USUN Files1

Memorandum of Telephone Conversation, by the Acting Director of the Office of Special Political Affairs (Ross)


Following a meeting in Mr. Acheson’s office this noon in which Mr. Fahy, Mr. Marks2 and Mr. Gross also participated, I telephoned Senator Austin and told him that Mr. Byrnes and Mr. Acheson had discussed with Senators Vandenberg and Connally this morning the Department’s paper on the United States position with regard to the procedure to be followed in the Security Council concerning the Atomic Energy Commission’s Report.3 Mr. Acheson felt it would be desirable for Senator Austin to know Senator Vandenberg’s views as soon as possible, although these views might not have any immediate bearing on Senator Austin’s efforts in the Security Council this afternoon to get the whole disarmament question postponed without prejudice to February 4. As I understood them, Senator Vandenberg’s views were as follows: [Page 367]

The Senate and people of the United States would not approve a treaty on atomic energy which did not include provisions for prompt and effective sanctions imposed on violators.
If we followed the procedure outlined in the Department’s paper under reference, the impression would be given to the public and the Senate that we were welching on the position which had been taken by Mr. Baruch in the Atomic Energy Commission and were, in fact, preparing a retreat from this position.
Senator Vandenberg agreed that we should get agreement in the Security Council on as many of the recommendations of the Atomic Energy Commission as possible.
He also felt, however, that it is essential to get agreement in the Security Council in principle that there will be sanctions to punish violators.
Senator Vandenberg was apparently not worried about any magic words such as “veto” or any specific language. The main thing was to find out where the Russians stand on the principle of sanctions or punishment.
If the Russians understand that we are not worried about specific language (e.g. the veto) but that we are insistent on getting agreement in the Security Council on the principle there will be three alternatives as follows:
The Russians might agree to the principle. This would, of course, meet our objective and would be satisfactory.
The Russians might say that they did not understand enough of what we meant to agree even in principle but would be willing to abstain on a vote. This would also meet our objective and would be satisfactory.
The Russians might, however, veto our proposed agreement in principle. In this case we would have to reconsider our entire position.

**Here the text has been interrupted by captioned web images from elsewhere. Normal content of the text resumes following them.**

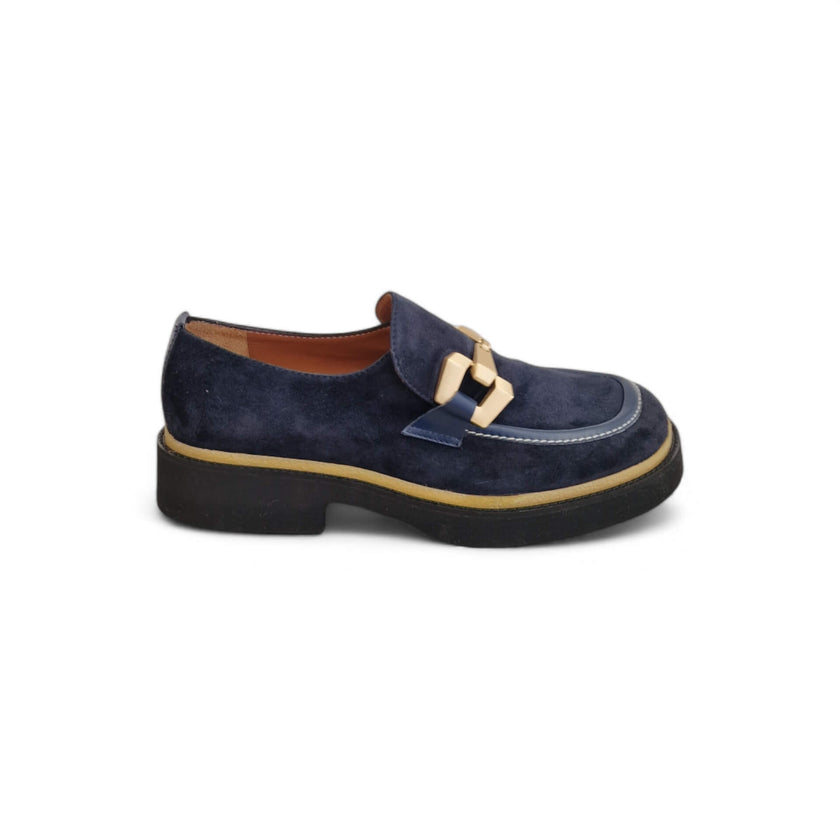 ﻿Viola Ricci Alice - Mocassino bleu' Consegna Veloce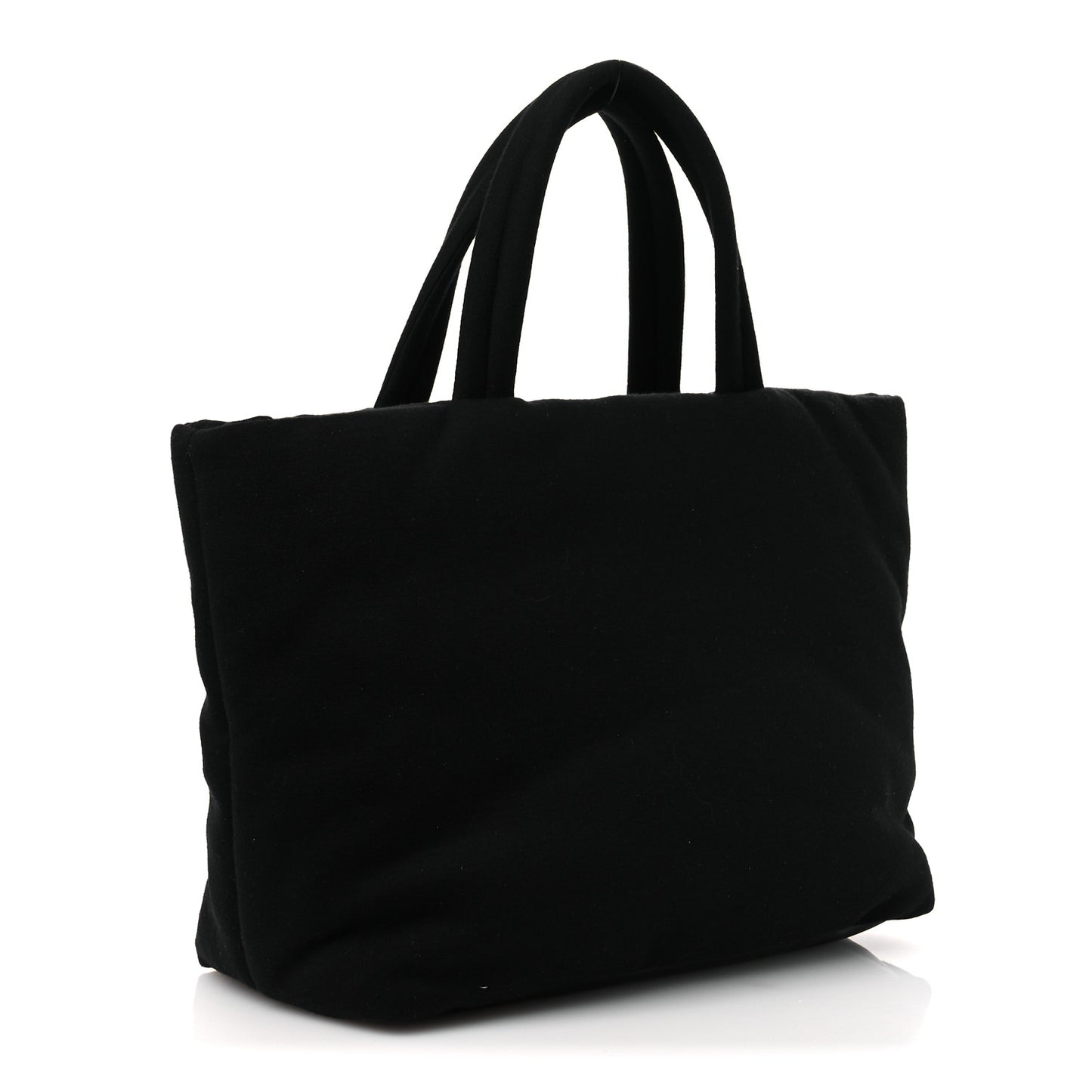 Jersey Wide Puffer Tote Black
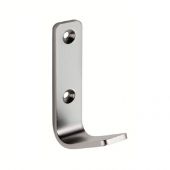 HCH9012SAA - Carlisle Brass Eurospec Flat Coat Hook 70 x 20mm Satin Anodised Aluminium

I told the Senator that we were working on a revision of the Department’s paper on this matter and I hoped it would be possible to send him a copy tonight which could be used as a basis for further discussion with him. I told him we also had felt it would be desirable for him to discuss this whole matter at an early date directly with Senator Vandenberg. Senator Austin said he would like to do this.

  1. Files of the United States Mission at the United Nations.
  2. Herbert S. Marks, General Counsel of the United States Atomic Energy Commission; Special Assistant to the Under Secretary of State, 1945–1946.
  3. For the January 21 draft of the paper under reference, see p. 370.